▶ **Task prompt**
Keep the wording of every entry intact in your copy, and omit the pictures.

(Records from a data source)
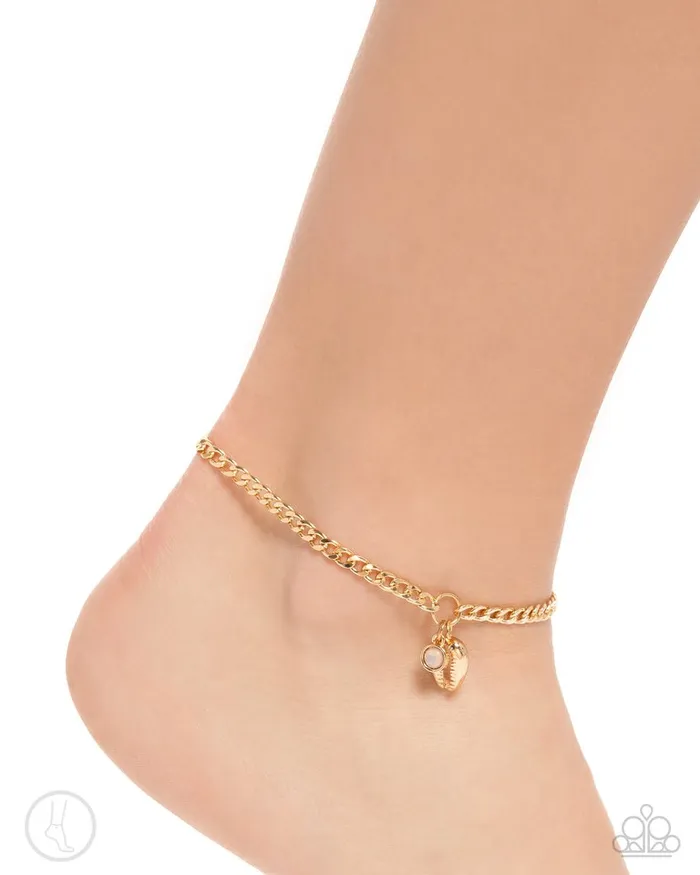 Bracelets Paparazzi Jewelry Paparazzi Bracelet Conch Comeback Pink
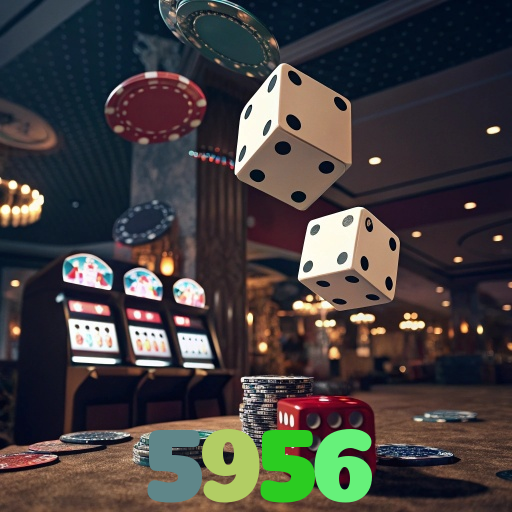 5956 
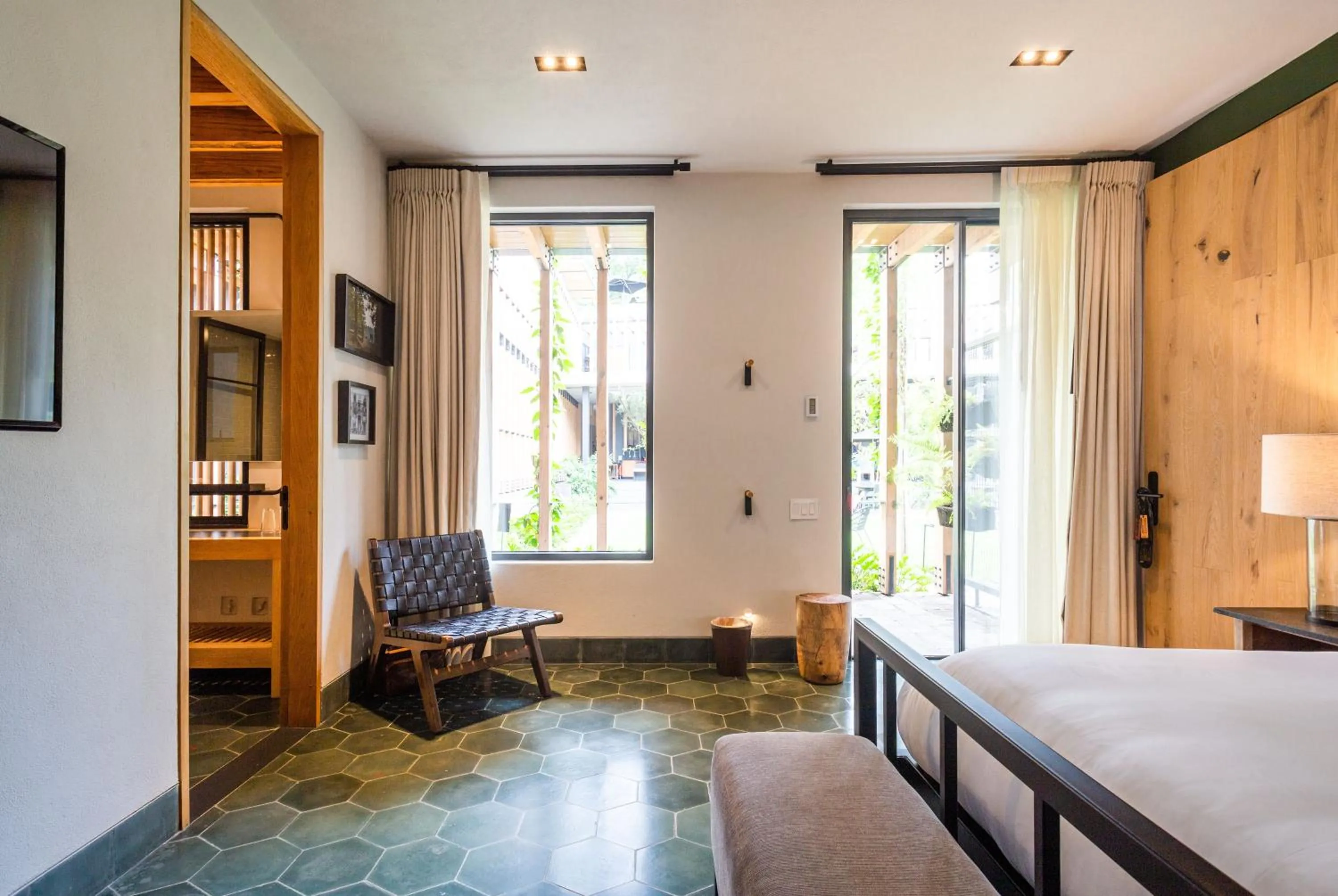 Photo of the whole room, Bed in Cinco Rodavento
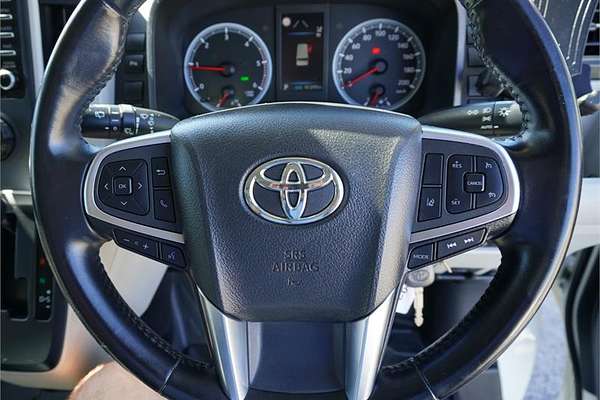 2019 Toyota Hiace GDH300R LWB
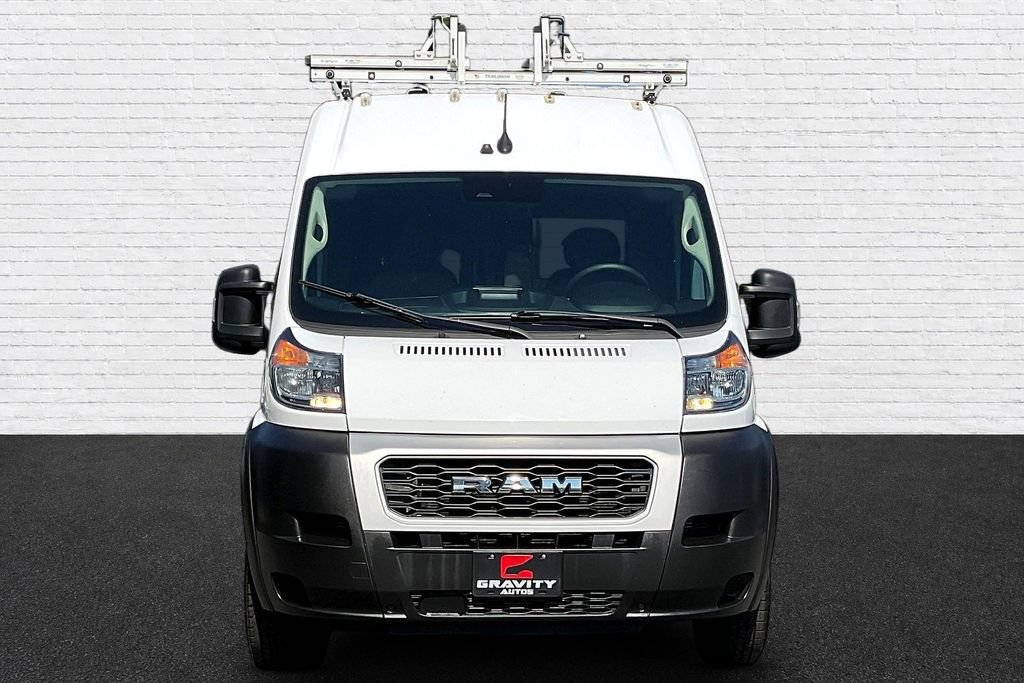 Used 2022 RAM ProMaster 1500 FWD image 2
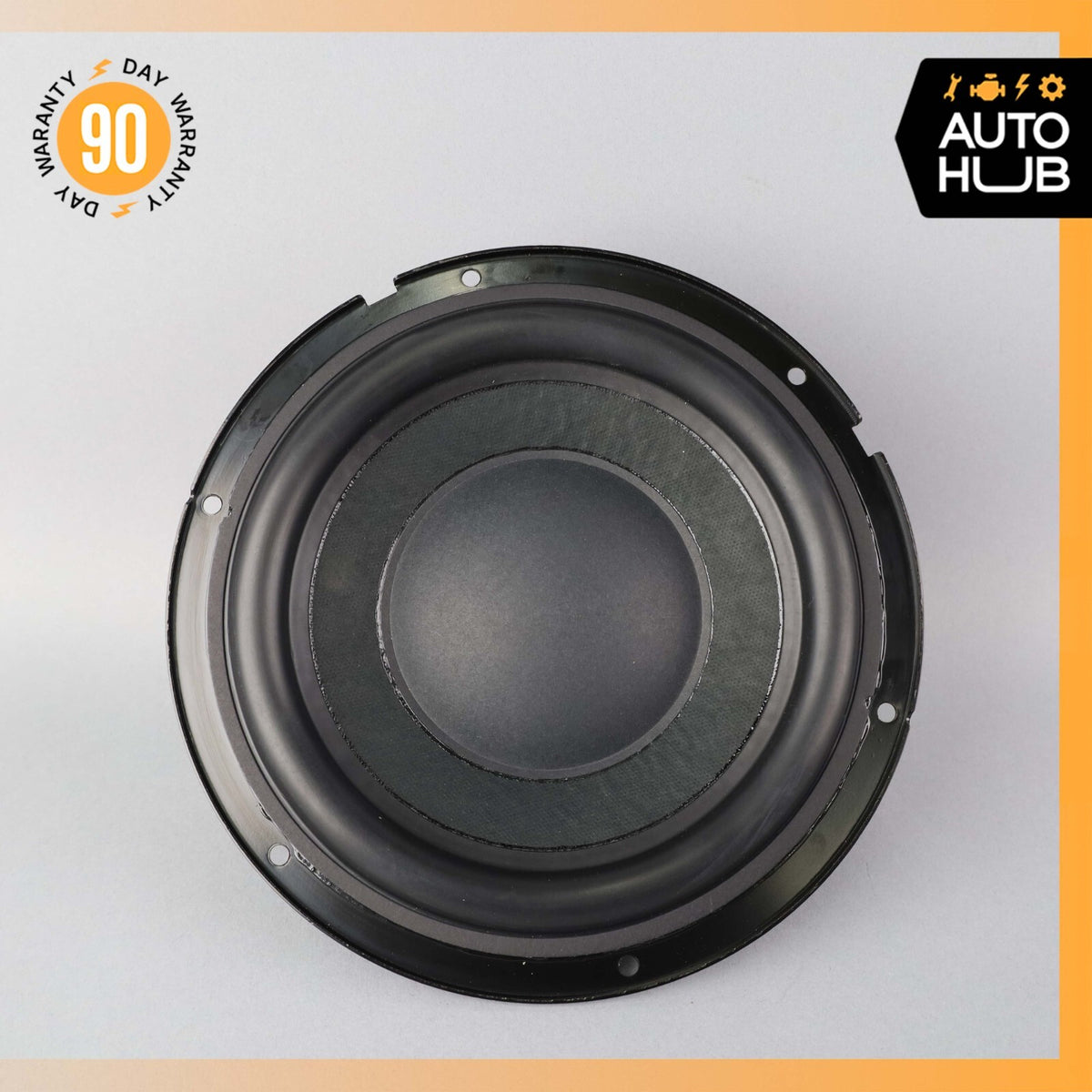 Porsche Cayenne GTS 958 Subwoofer Sub Woofer Speaker OEM 40k - photo 2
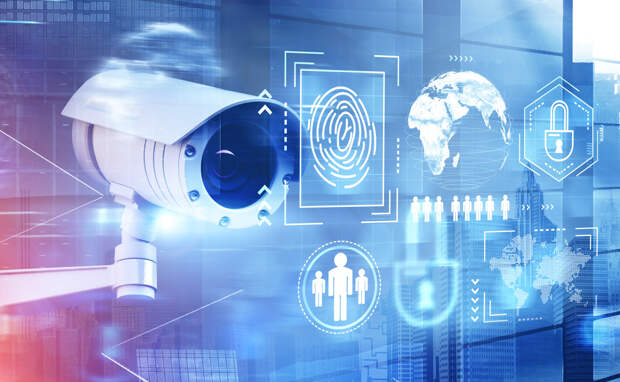 РИА Новости: камера наблюдения на участке может нарушать частную жизнь соседей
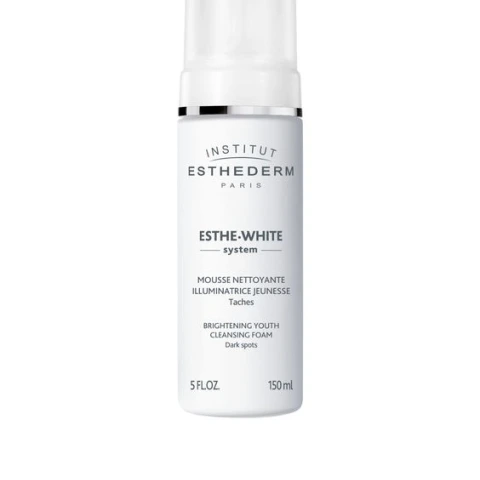 Institut Esthederm Esthe White Temizleme Köpüğü 150 ML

▶ **Result of this exercise**
 Bracelets Paparazzi Jewelry Paparazzi Bracelet Conch Comeback Pink
 5956 
 Photo of the whole room, Bed in Cinco Rodavento
 2019 Toyota Hiace GDH300R LWB
 Used 2022 RAM ProMaster 1500 FWD image 2
 Porsche Cayenne GTS 958 Subwoofer Sub Woofer Speaker OEM 40k - photo 2
 РИА Новости: камера наблюдения на участке может нарушать частную жизнь соседей
 Institut Esthederm Esthe White Temizleme Köpüğü 150 ML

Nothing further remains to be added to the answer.